In a market rigged by a handful of large concentrated shorts for more than 35 years, I don’t expect them to go quietly into the night. Either the big shorts will succeed in smashing gold and silver prices sharply lower and inducing the managed-money traders to sell at these lower prices, or they will fail to do so. Should the big shorts fail to rig prices lower and buy back their massive gold and silver short positions, the consequences for the price are enormous. This is the vision that occurred to me more than 35 years ago, yet has failed to materialize through today. Despite that failure to materialize, I remain undeterred. This is something that must occur at some point, even if I am incapable of predicting precisely when it will occur. And in all the time I have studied silver, never has it looked more likely that the time of resolution may be at hand.

What would you do if you were in the shoes of a senior official who wanted to make sure your current extremely troubling predicament was not a continuing nightmare?  You would seek to eliminate any possibility of a recurrence and the only way to do that would be to order the short positions closed out. Such an order would turn the gold and silver world on its head. After all, the only reason gold and especially silver prices have been as cheap as they’ve been is because of the excessive and concentrated short selling by a handful of large entities. Remove that short selling and there would be no reason for prices not to explode. In essence, the big short sellers, should they cease to sell short, would remove the only selling force of consequence.

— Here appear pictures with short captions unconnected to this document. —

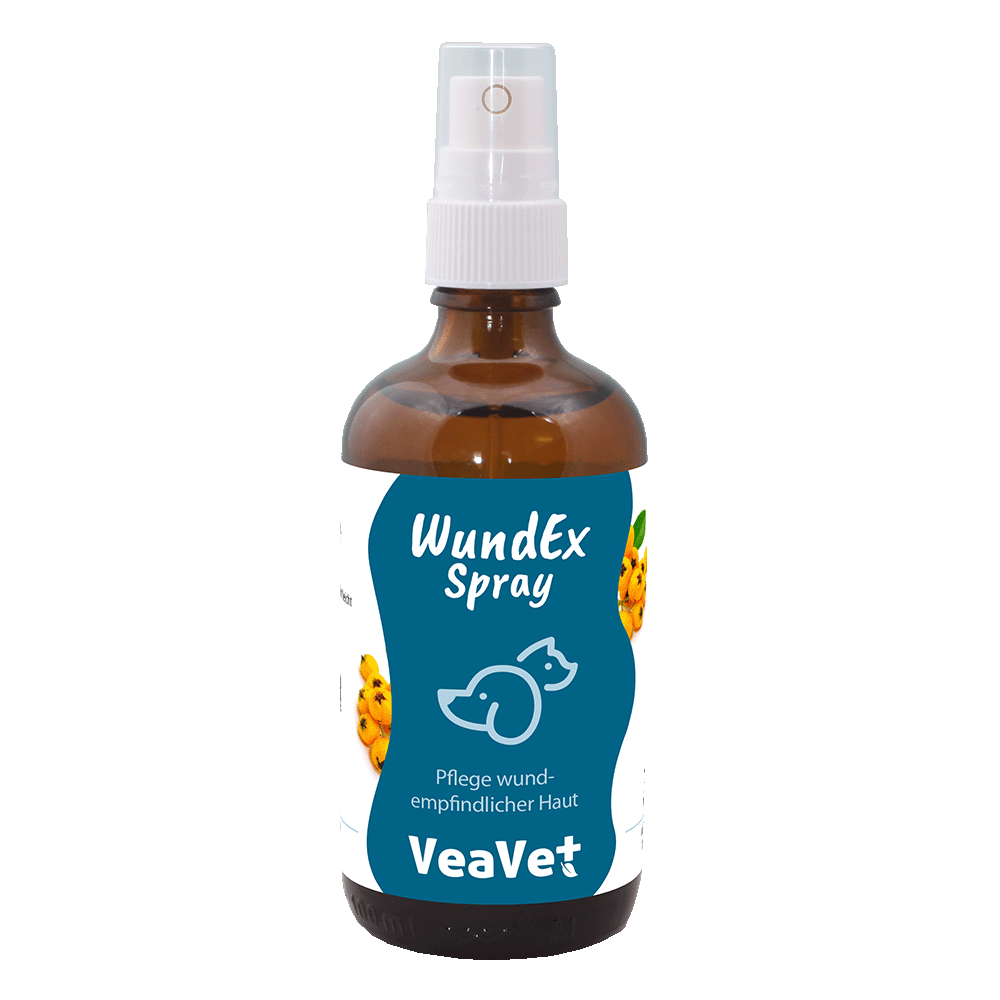 VeaVet WundEx Spray 100 ml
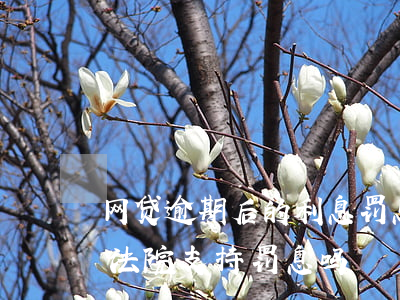 网贷逾期后的利息罚息法院怎么判(网贷逾期法院支持罚息吗)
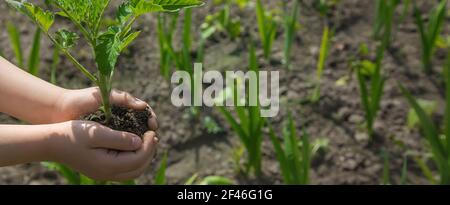 Das Kind pflanzt Tomaten im Garten. Selektiver Fokus. Menschen. Stockfoto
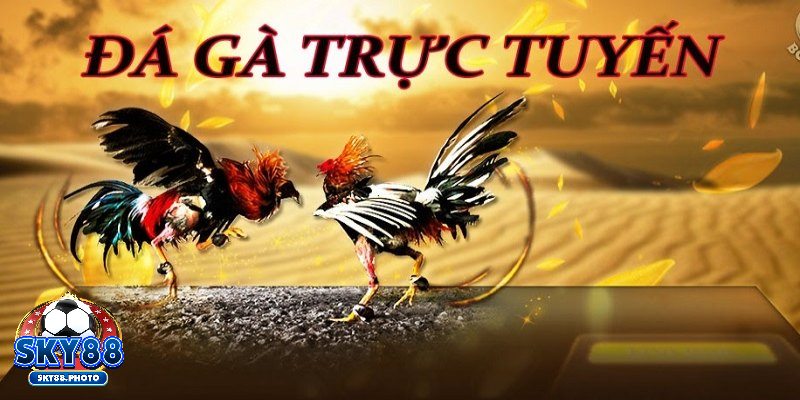 Giới thiệu về trận đá gà 24 tỷ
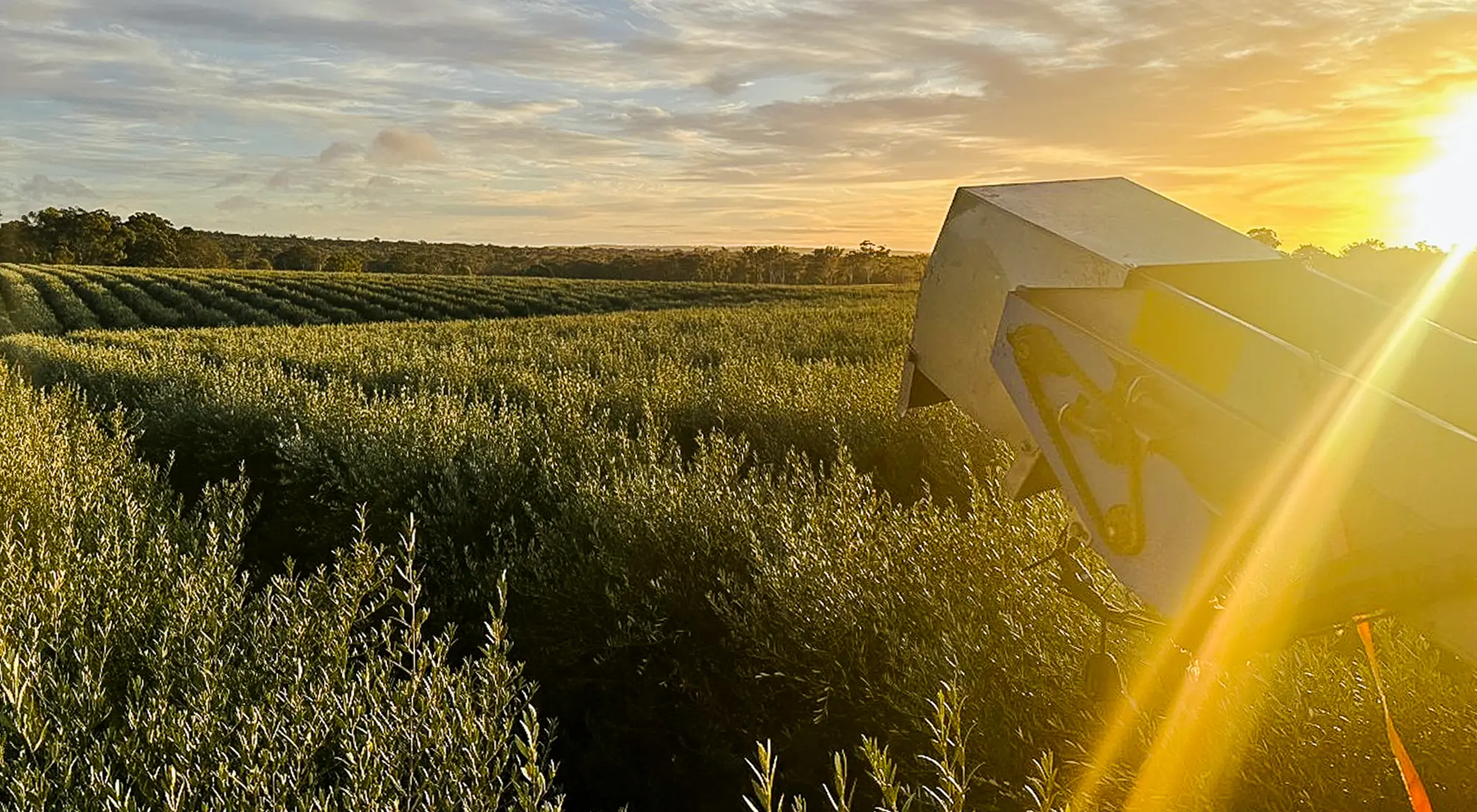 Olive grove at sunset during harvest at PepperGreen Estate, highlighting sustainable high-density farming and the natural beauty of premium olive oil production.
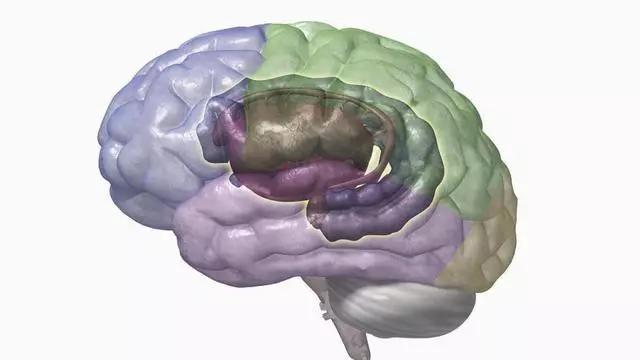 海马最新动态,高科技产品重塑生活,引领未来科技风潮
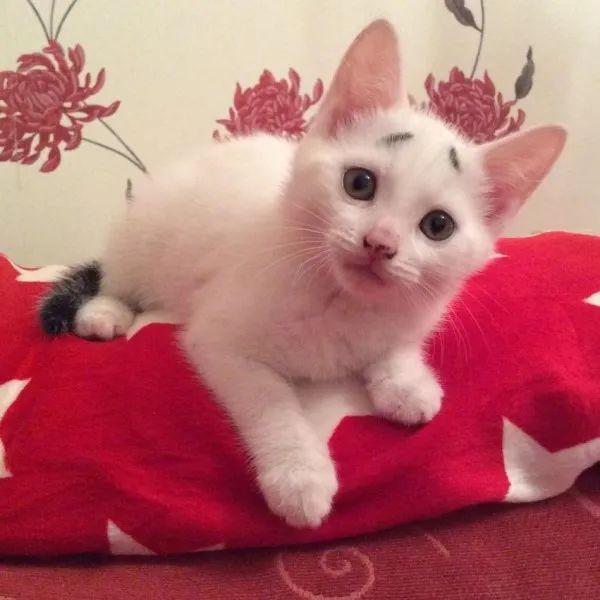 为啥长大后没之前可爱呢？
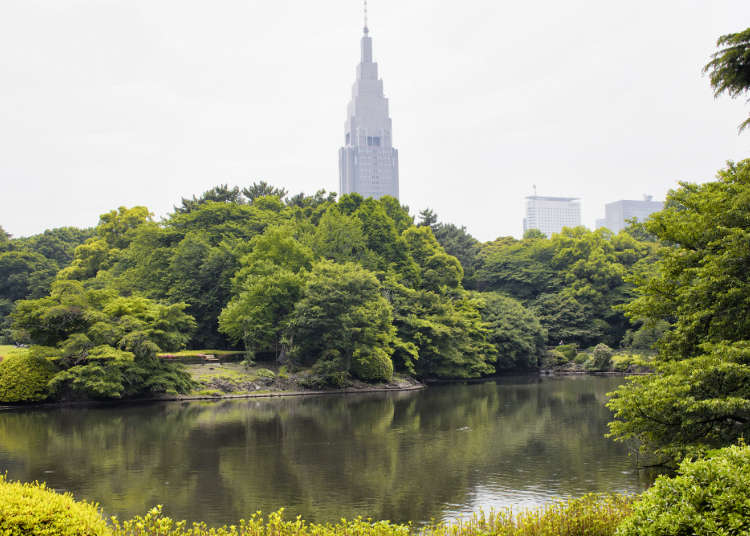 新宿で、緑を感じられる場所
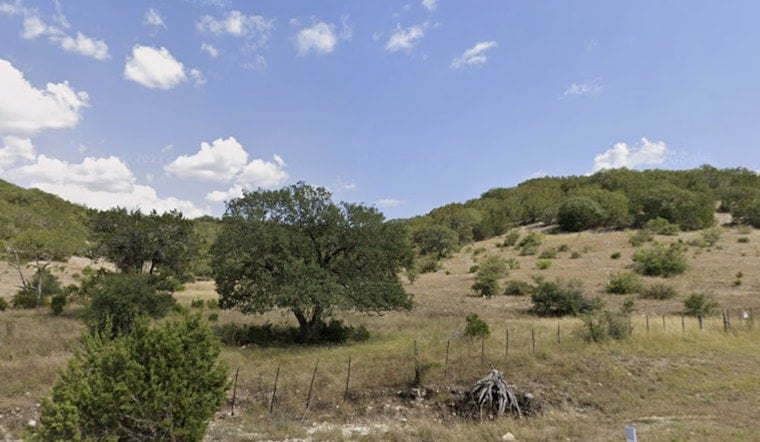 Texas Hill Country On Edge As Giraffe Gracie Vanishes From Leakey Ranch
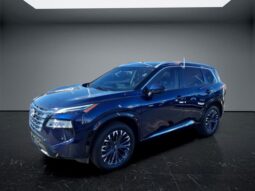 
 Nissan Rogue full									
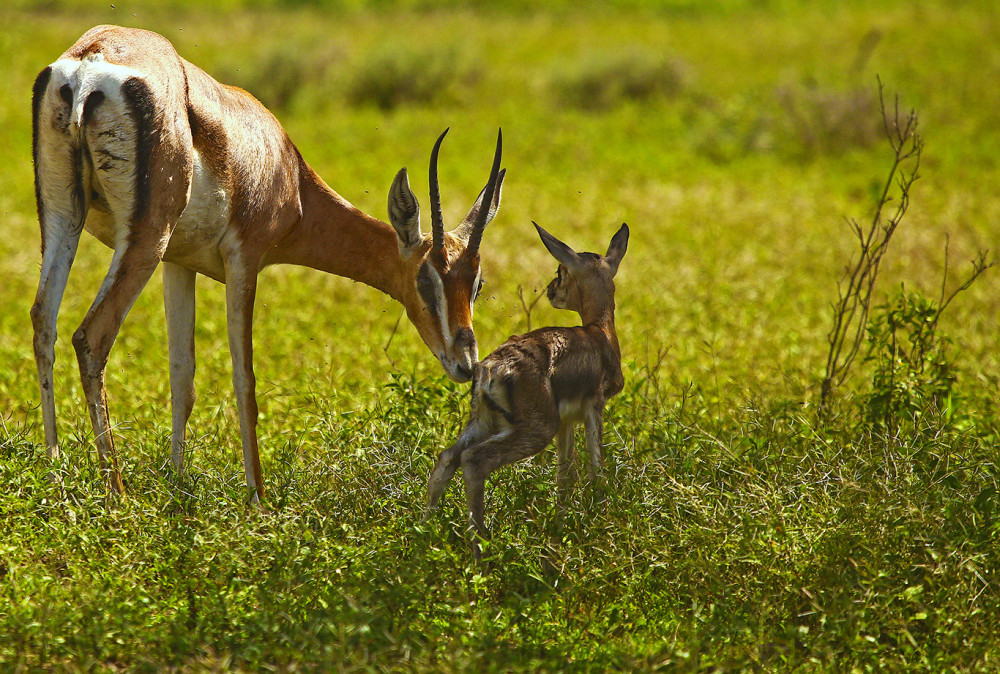 Classic Drive Safari Cats, Calves & Crater Comfort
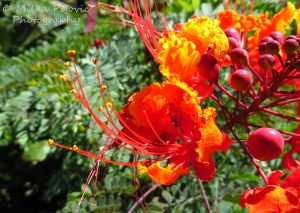Caesalpinia pulcherrima blooms - Mexican bird of paradise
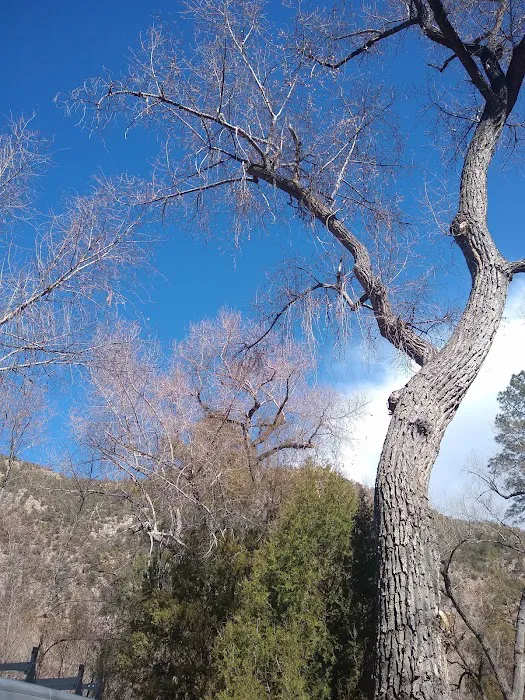Cottonwood Campground Picture 2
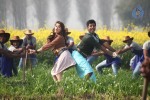 Maan Karate Tamil Movie Stills - 14 of 91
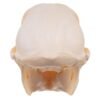 Chacma Baboon Skull - Female

27239 - Image 4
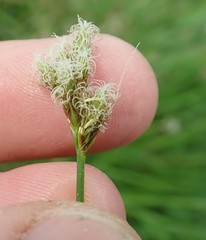 Carex harfordii
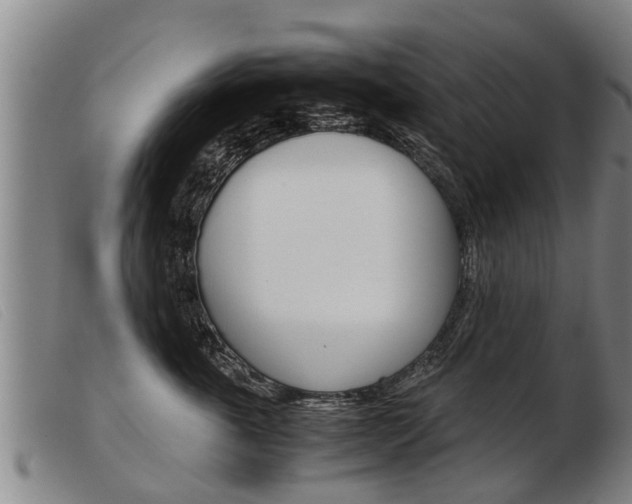 X0000103960763200809191334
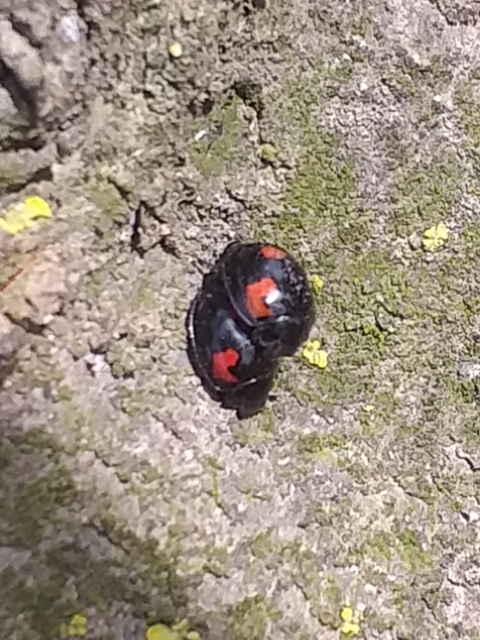 Exochomus quadripustulatus - négyfoltos szerecsenkata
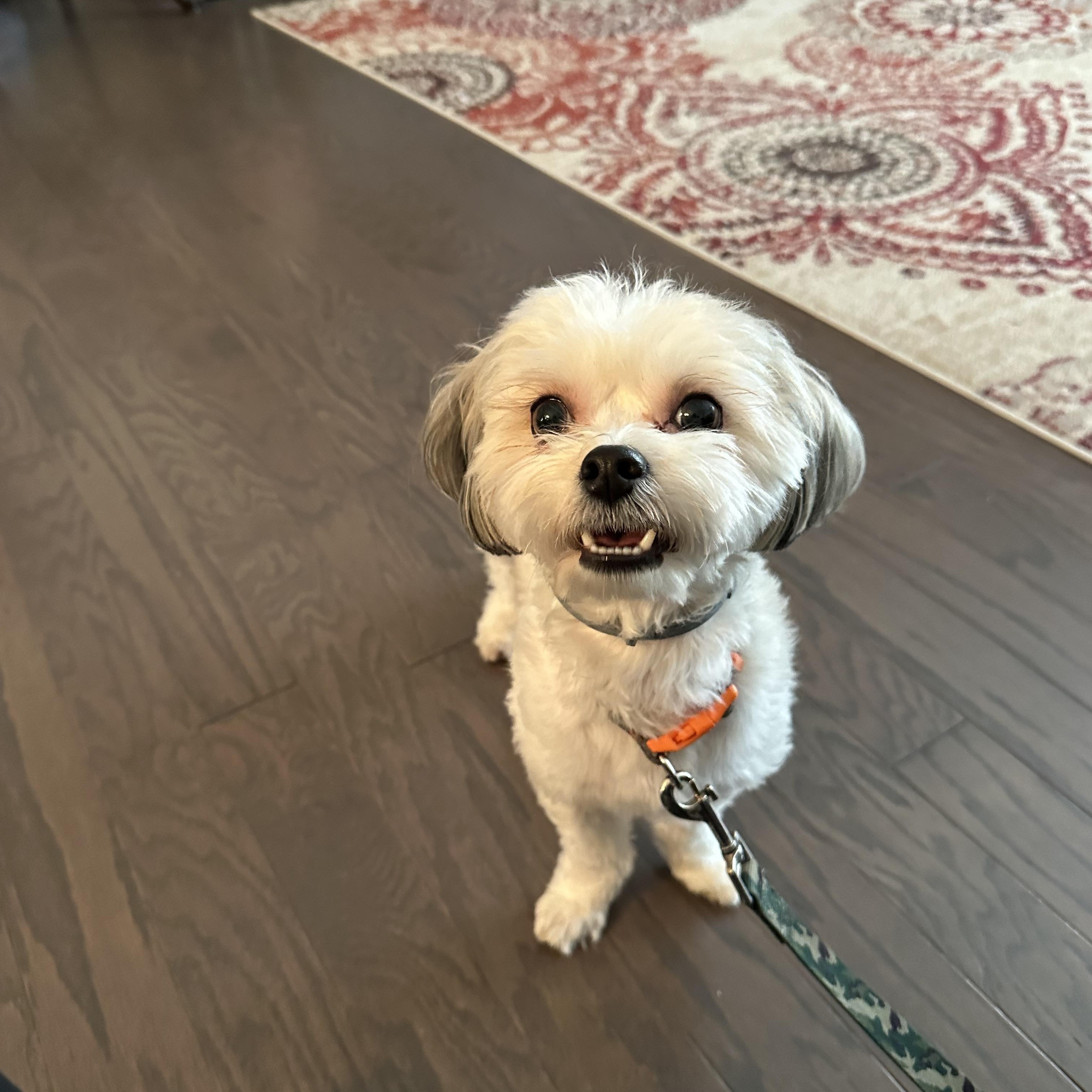 Enlarge WYATT, a ADOPTABLE mixed breed in Lexington, NC image 3/5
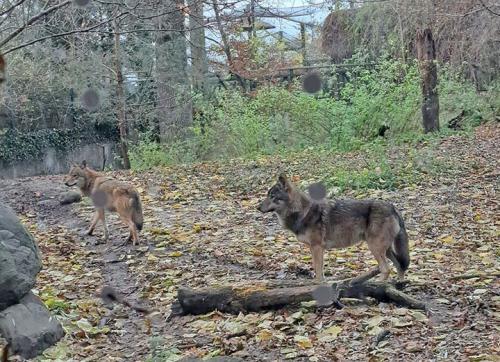 2024 11 30 - Opole - PKS - ZOO i Muzeum Piosenki 11
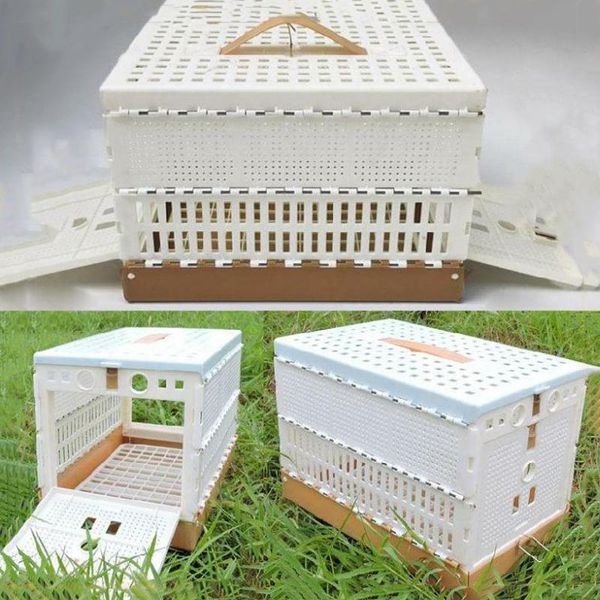other bird supplies 1 set training box for racing pigeon plastic folding cage accessories
other bird supplies 1 set training box for racing pigeon plastic folding cage accessories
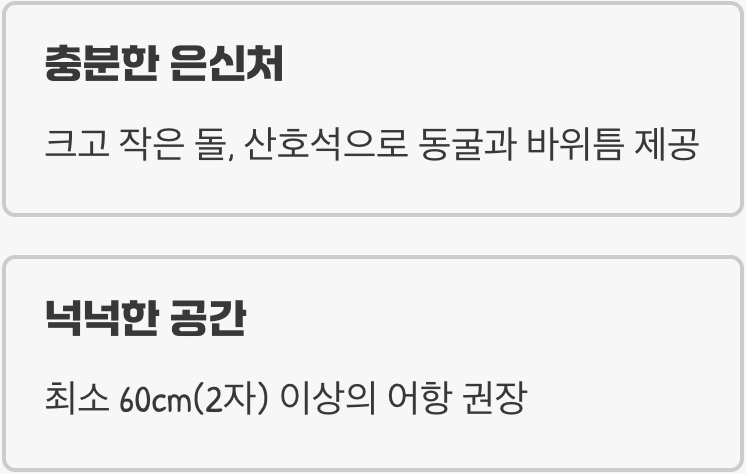어항 - 그들만의 '작은 왕국' 만들기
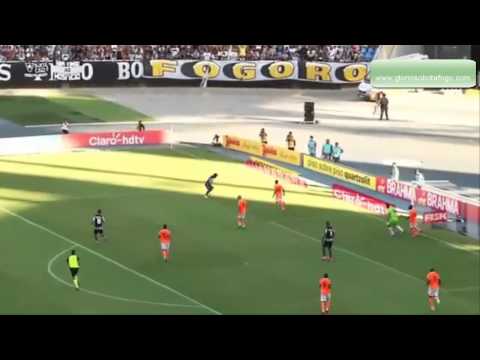 Melhores momentos Botafogo 2 x 1 Nova Iguaçu - Campeonato Carioca 2015 - www.gloriosobotafogo.com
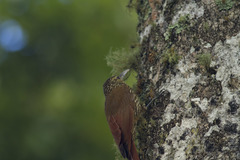 Lepidocolaptes affinis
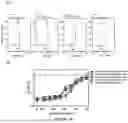 Fig. 30 - Novel TNFR2 Binding Molecules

It’s not simply a case of no more selling and walking away – the short position must be bought back in order for it to be closed out. The moment there is an attempt to close out the massive concentrated short position a massive buy order will come into the market from a big former seller. Mechanically, this would create a selling vacuum in which prices would explode. Because the short position is so concentrated (meaning it is held by relatively few entities) any move by just one or two big shorts to buy back and close out short positions would automatically put tremendous pressure on the remaining shorts to do the same. That would be like spontaneous combustion – the sudden explosion of a buying force that feeds on itself until it burns out. The possibility that the big shorts are about to abandon the game that has controlled and manipulated gold and silver prices so vastly overshadows all other factors related to gold and silver that it is the only thing that truly matters.